SC judges’ recommendations reflect political power sharing

Chief Justice opposes PM Dahal's and Deuba's choices

Ishwar Dev Khanal

November 21, 2023


SC judges’ recommendations reflect political power sharing

Supreme Court of Nepal, Ramshahpath in Kathmandu/File Photo

KATHMANDU: The recommendation of candidates for vacant Supreme Court justices has revealed internal political struggles, with Chief Justice (CJ) Bishwombhar Prasad Shrestha and Senior Justice Ishwor Khatiwada resisting the pressures exerted by Prime Minister Pushpa Kamal Dahal Prachanda.

The recommendation has become a subject of political contention, with a clear divide between the major parties.

Despite PM Dahal’s repeated push for the appointment of Attorney General Dinmani Pokharel, sources indicate that Chief Justice Shrestha and Senior Justice Khatiwada opposed this move.

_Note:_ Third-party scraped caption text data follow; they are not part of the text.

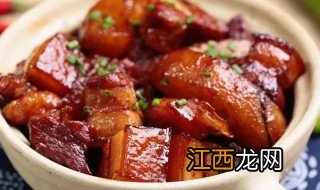 红烧肉怎么炖软烂 红烧肉怎么炖软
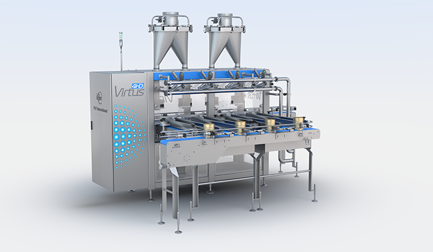 Virtus In-line Vacuum Powder Filler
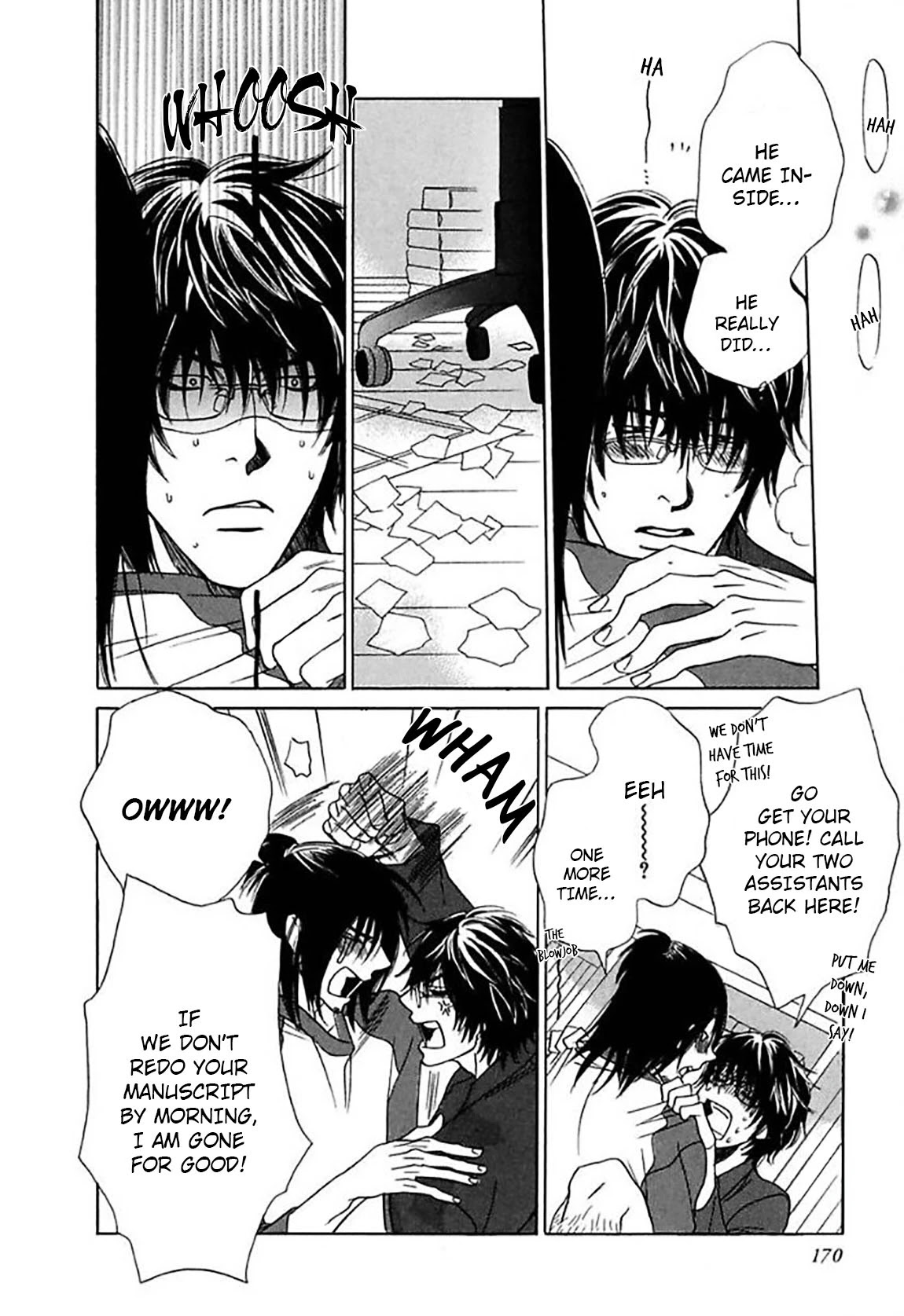 Soshite Tsuzuki ga Aru no Nara Chapter 5 page 31 - Chapter 5
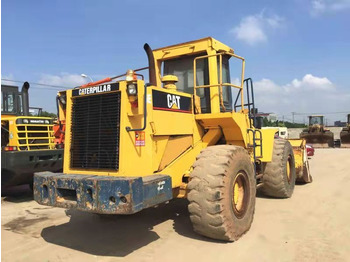 Cargadora de ruedas CATERPILLAR 966E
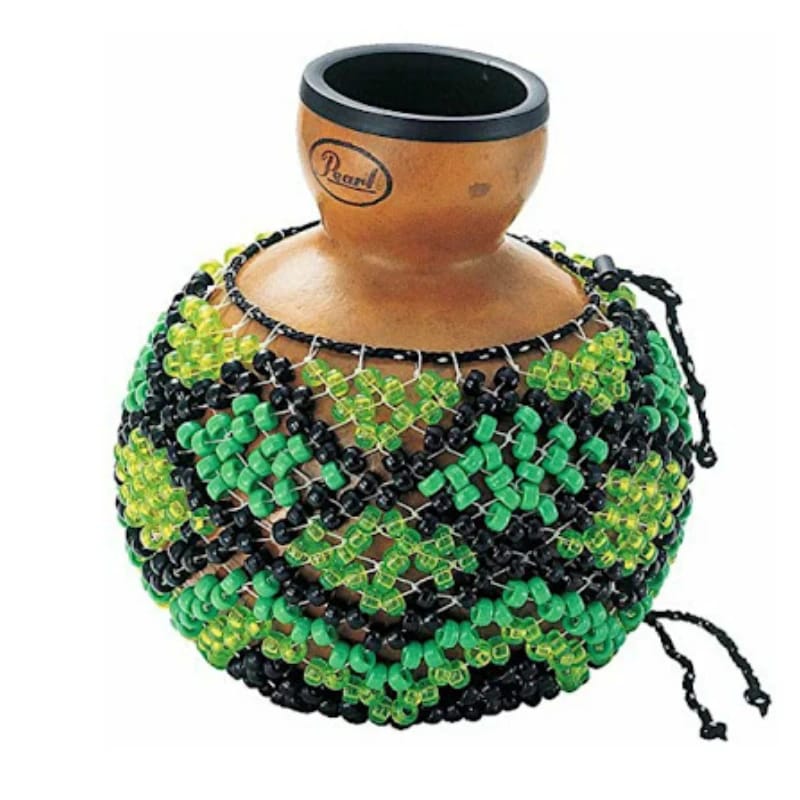 PEARL TRADITIONAL NATURAL GOURD SHEKERE-UNO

Notably, one nominee each from legal circles affiliated with Nepali Congress and legal professionals associated with CPN-UML have been selected to join the bench.

Furthermore, there was notable resistance to PM Dahal’s insistence on appointing DN Parajuli, a Maoist recommendation.

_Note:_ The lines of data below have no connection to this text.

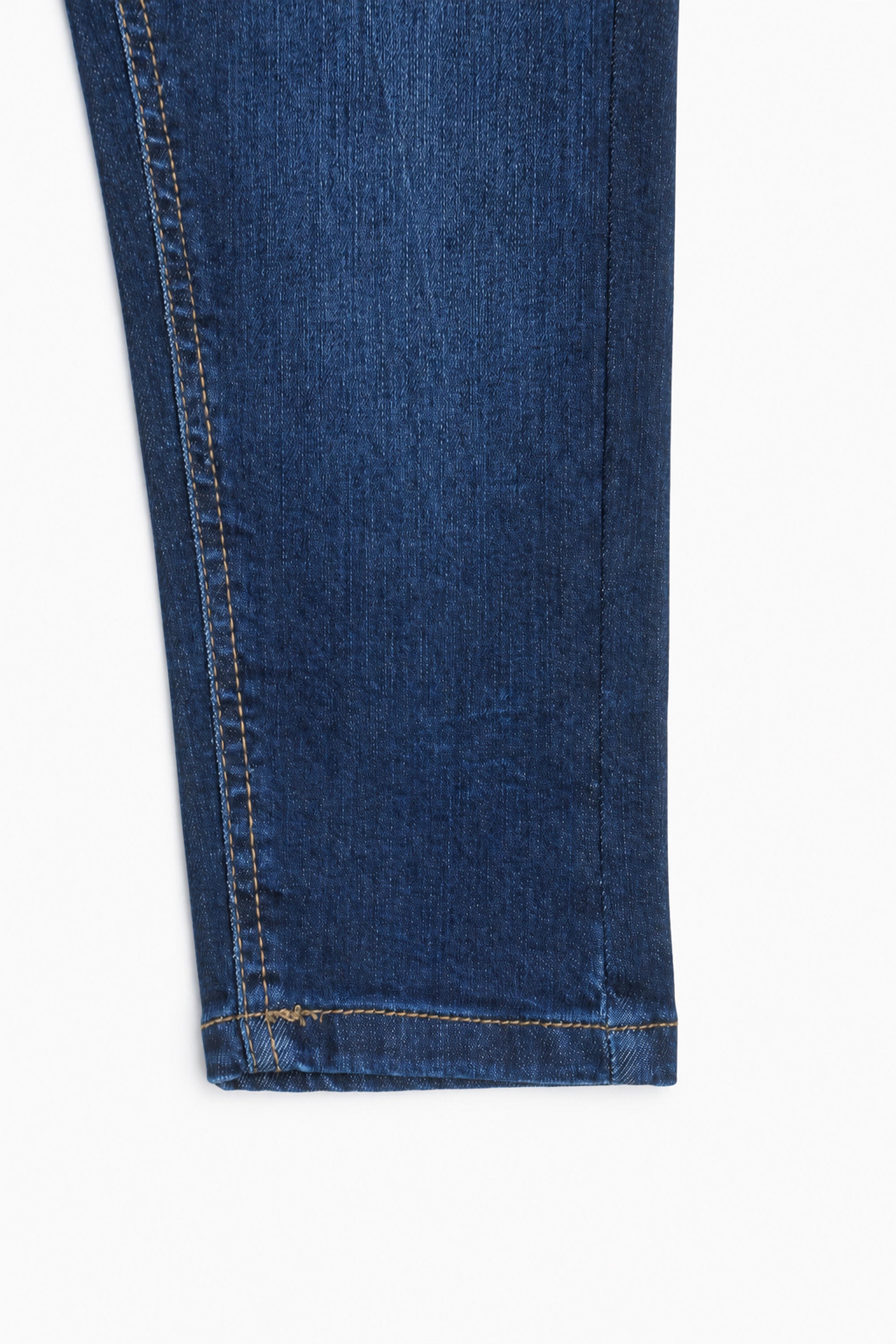 Straight Fit Denim Pant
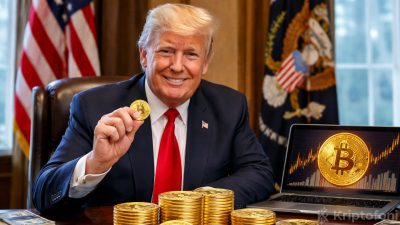 Trump Media 40 milyon dolar daha harcayarak 451 Bitcoin aldı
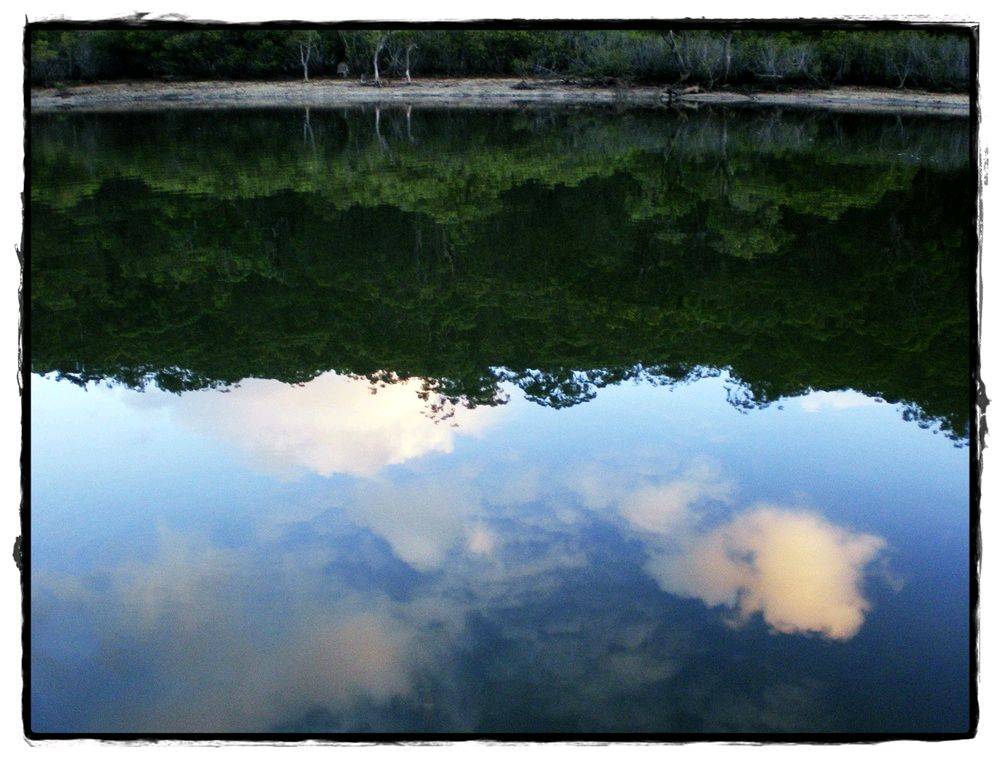 Sunset River 028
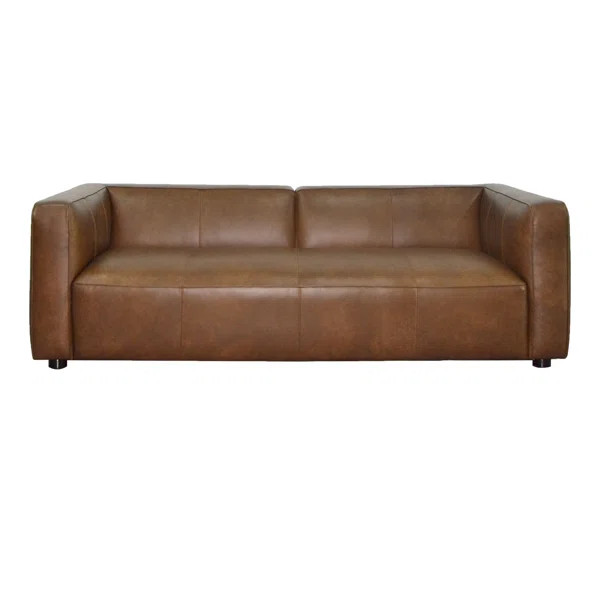 Kenisha 95" Square Arms Sofa | Wayfair North America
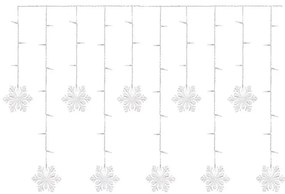 Tenda luminosa di Natale LED 60xLED/1,35W 635x50 cm bianco freddo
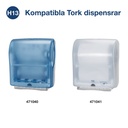 Handduksrulle H13 2-l vit 6/fp
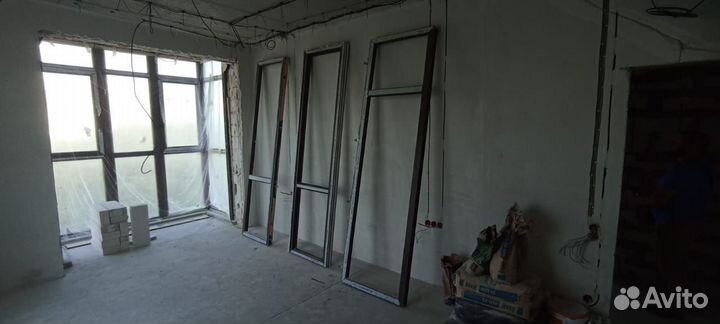 Балконный блок с дверью бу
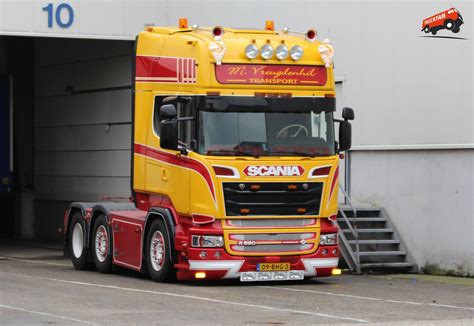 Foto Scania R Serie Streamline Van M Vreugdenhil Transport TruckFan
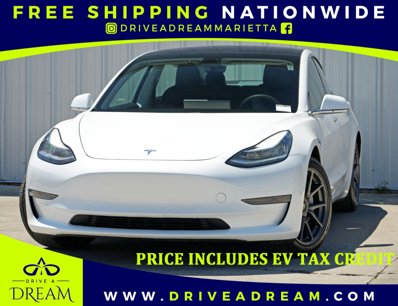 Used 2020 Tesla Model 3 Standard Range Plus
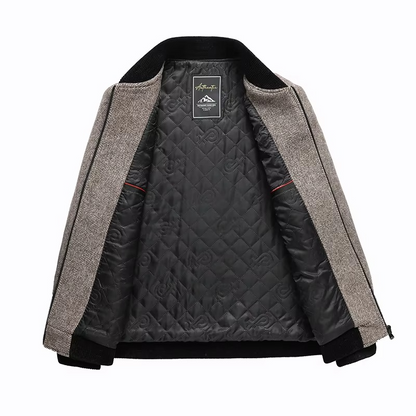 Lachlan Men's Jacket - full-length view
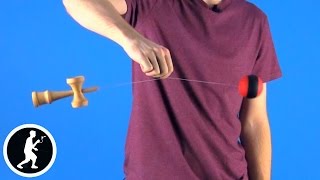 How to do the Carousel Kendama Trick [upl. by Nnahteb767]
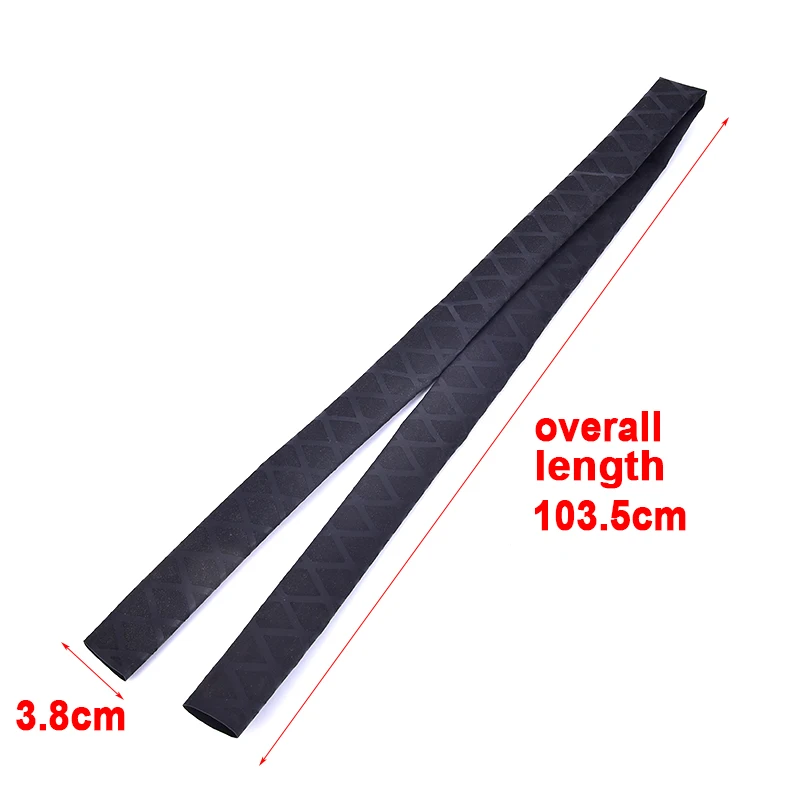 

1pc Polyolefin Racket Handle Grip 5 Colors Non-slip Heat Shrink Wrap Tubing Fishing Rod Handle Insulation Protective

Chief Justice Shrestha and Senior Justice Khatiwada did not concur with this choice, highlighting the internal discord within the decision-making process.

Meanwhile, sources also revealed that even Nepali Congress (NC) President Sher Bahadur Deuba faced resistance when advocating for the appointment of advocate Vijay Mishra.

Senior advocate Sunil Pokharel, known for his proximity to NC leader Dr Shekhar Koirala, secured the position.

Similarly, Deuba and Dahal’s opposition to bringing a figure close to the Supreme Court was circumvented when the CPN-UML nominated Balkrishna Dhakal, a businessman with legal ties.

The Judicial Council, after prolonged deliberations, recommended six individuals for the vacant Supreme Court justices.

The meeting, chaired by Chief Justice Shrestha, navigated the political complexities surrounding the nominations.

Notably, the names of two lawyers were removed from both the Nepali Congress and UML quotas.

Senior advocates Sunil Pokharel, aligned with Nepali Congress, and Balkrishna Dhakal, affiliated with UML, emerged as the chosen candidates.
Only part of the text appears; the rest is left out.